----- Provided records

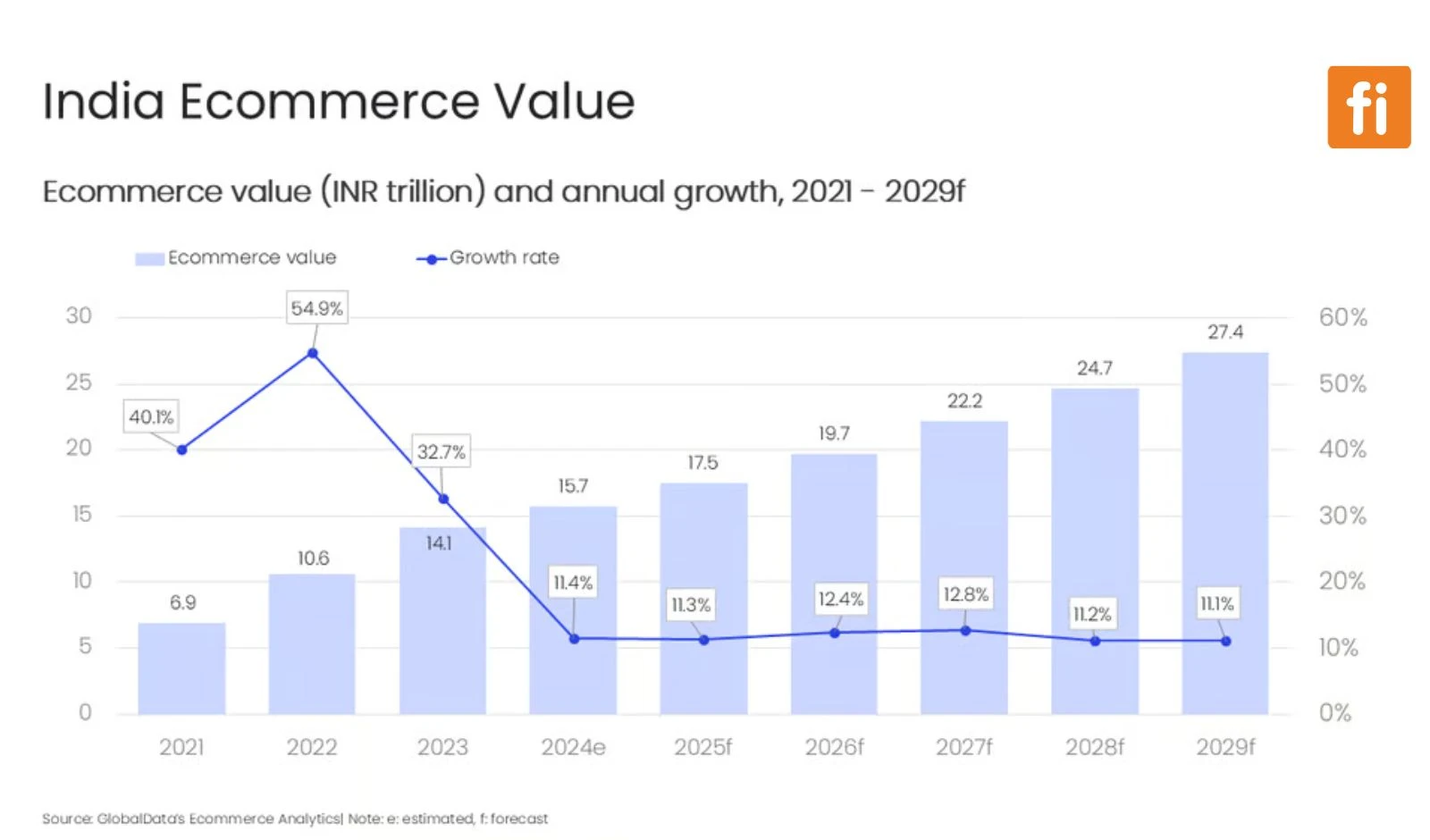 India’s e-commerce market is projected to grow 12.4% in 2026, according to GlobalData image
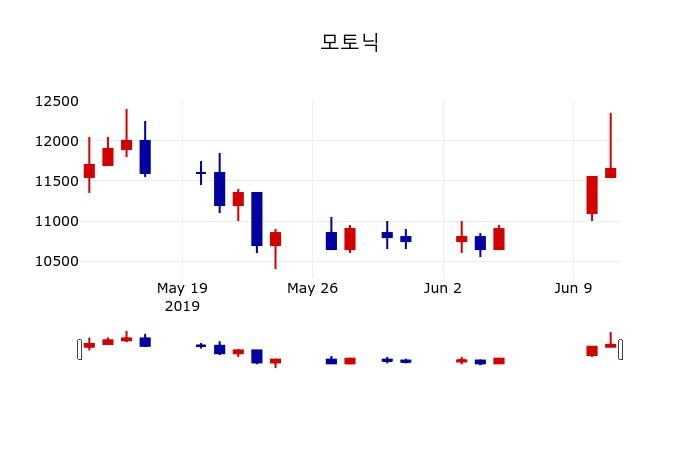 ▲지난 30영업일 동안 모토닉 주가변동정보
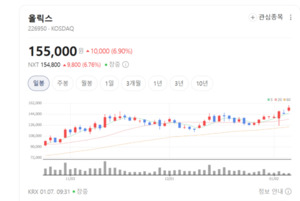 RNA간섭 신약 선두주자... 올릭스 2.0 로드맵으로 글로벌 진출 강화 - 뉴스 썸네일 이미지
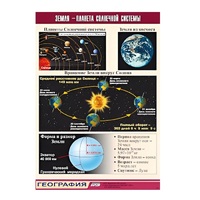 Таблица демонстрационная "Земля - планета Солнечной системы" (винил 100x140) - «globural.ru» - Якутск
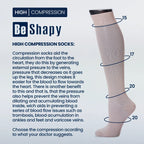 Be Shapy high compression sock with text explaining its benefits on a light blue background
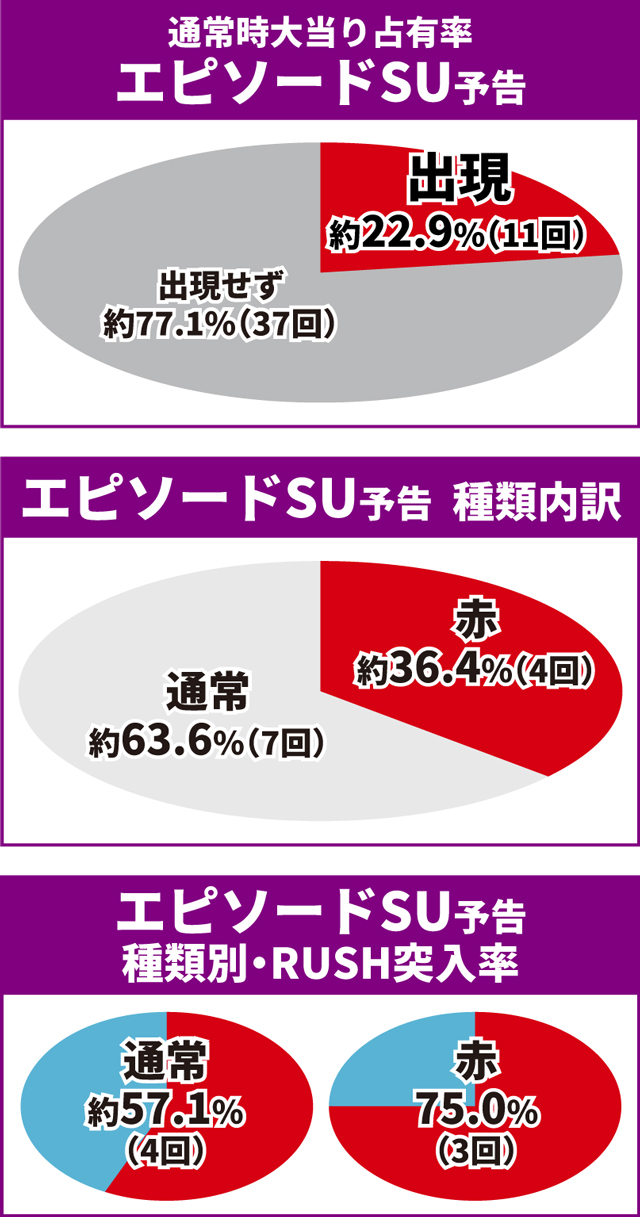 マクロスF5初当り調査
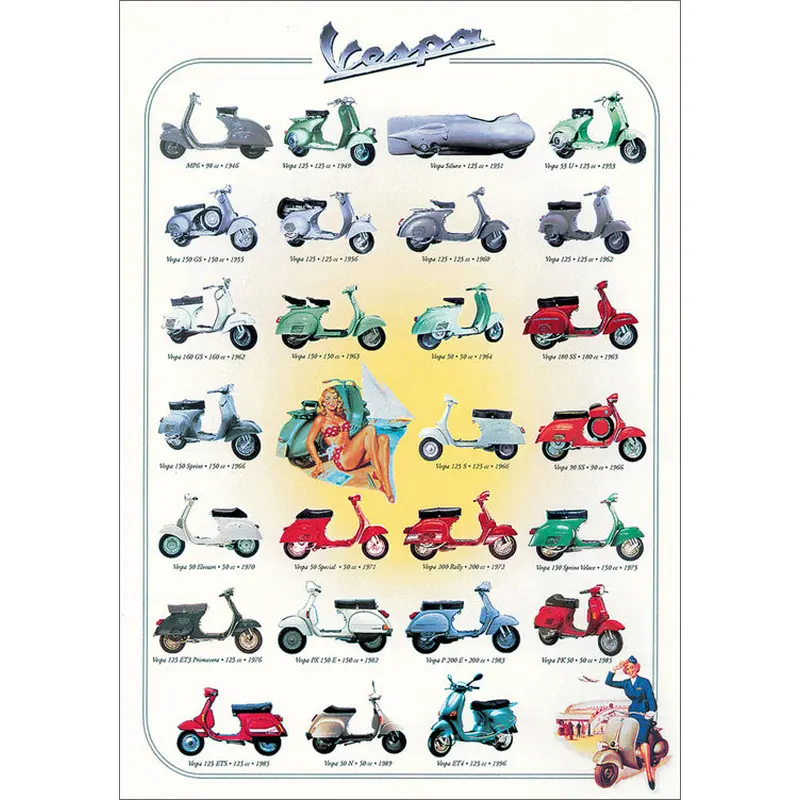 Fifty Years of the VESPA Scooter (26 Classic Models 1946-96) Poster - Eurographics Inc.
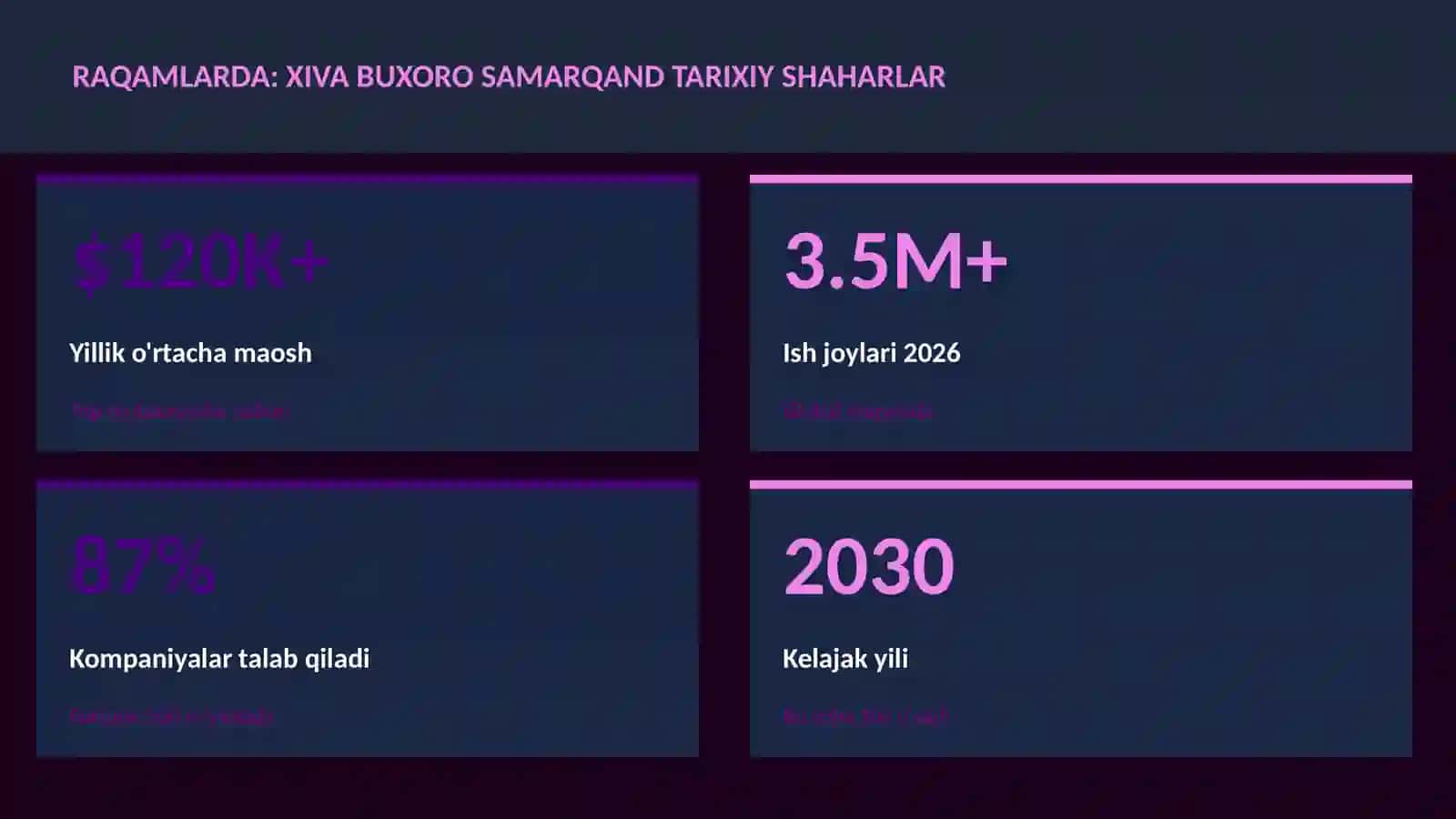 Xiva Buxoro Samarqand tarixiy shaharlar 3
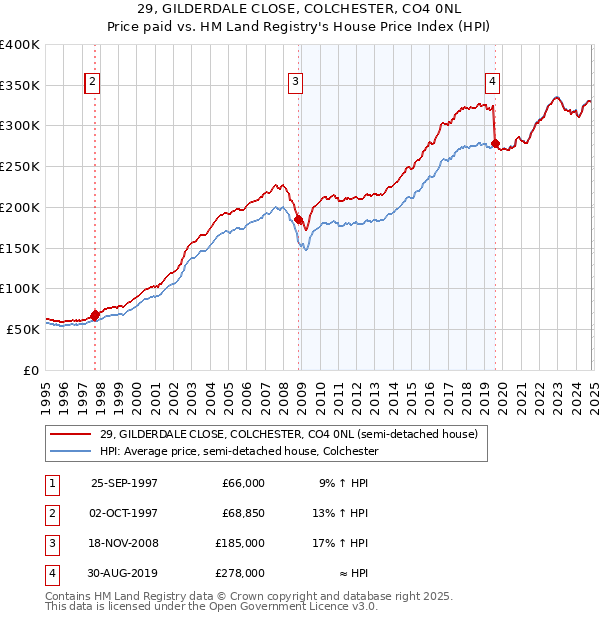 29, GILDERDALE CLOSE, COLCHESTER, CO4 0NL: Price paid vs HM Land Registry's House Price Index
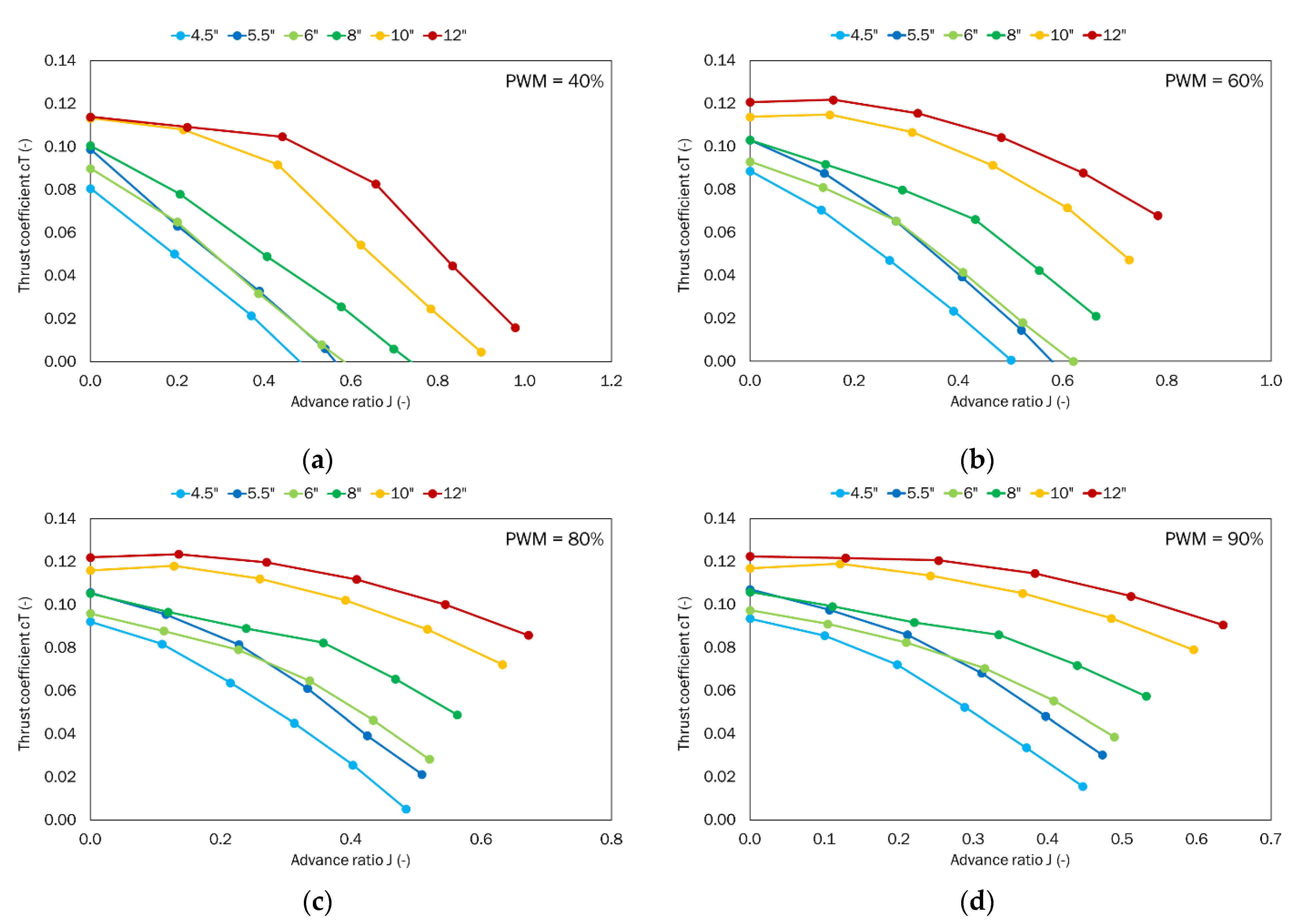 Sensors 22 00002 g009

----------

Directions >> Your task is to restate word for word the lines from the line holding "29, GILDERDALE CLOSE, COLCHESTER, CO4" through the final line of the listing, both included, but none of the pictures.

Exercise answer >>
 29, GILDERDALE CLOSE, COLCHESTER, CO4 0NL: Price paid vs HM Land Registry's House Price Index
 Sensors 22 00002 g009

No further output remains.